_PROVIDED MATERIAL_
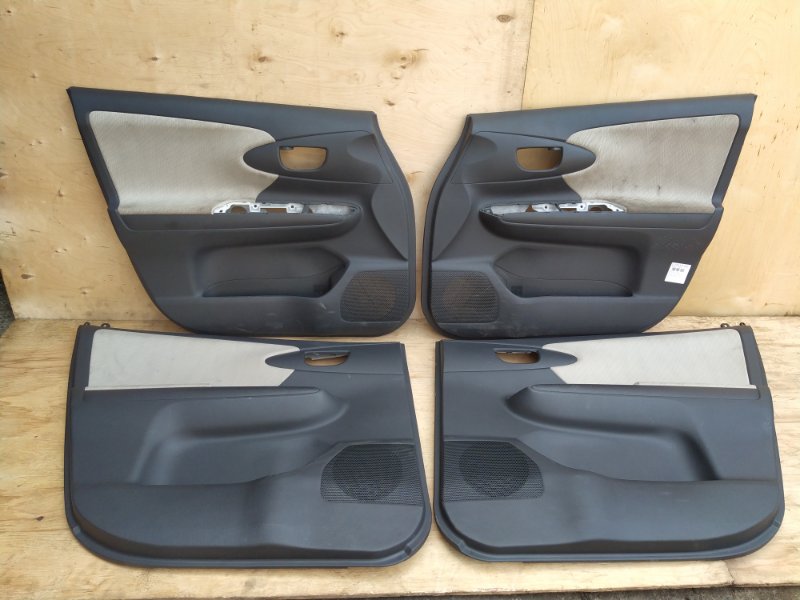 Обшивка дверей (Комплект) Toyota Wish ZGE21 3ZR-FAE 2009 (б/у)
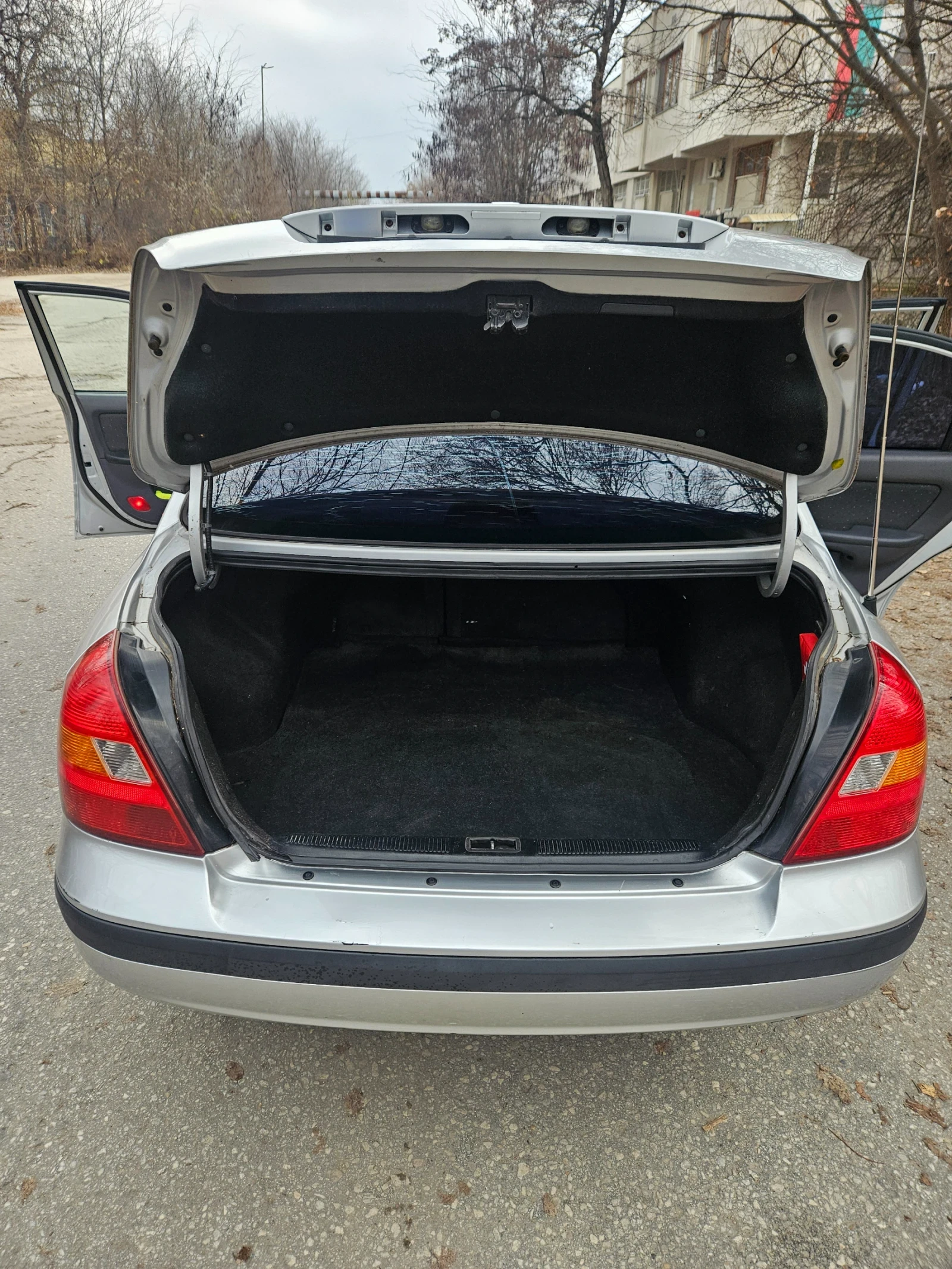 Hyundai Elantra  - изображение 3
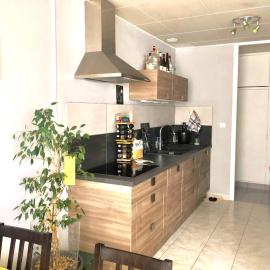 Chambre lit double pour 1 à 2 pers en Colocation, hotel in Nancy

_WHAT YOU ARE ASKED TO DO_
Repeat the material above precisely as it appears, omitting the images it contains.

_RESPONSE BELOW_
 Обшивка дверей (Комплект) Toyota Wish ZGE21 3ZR-FAE 2009 (б/у)
 Hyundai Elantra  - изображение 3
 Chambre lit double pour 1 à 2 pers en Colocation, hotel in Nancy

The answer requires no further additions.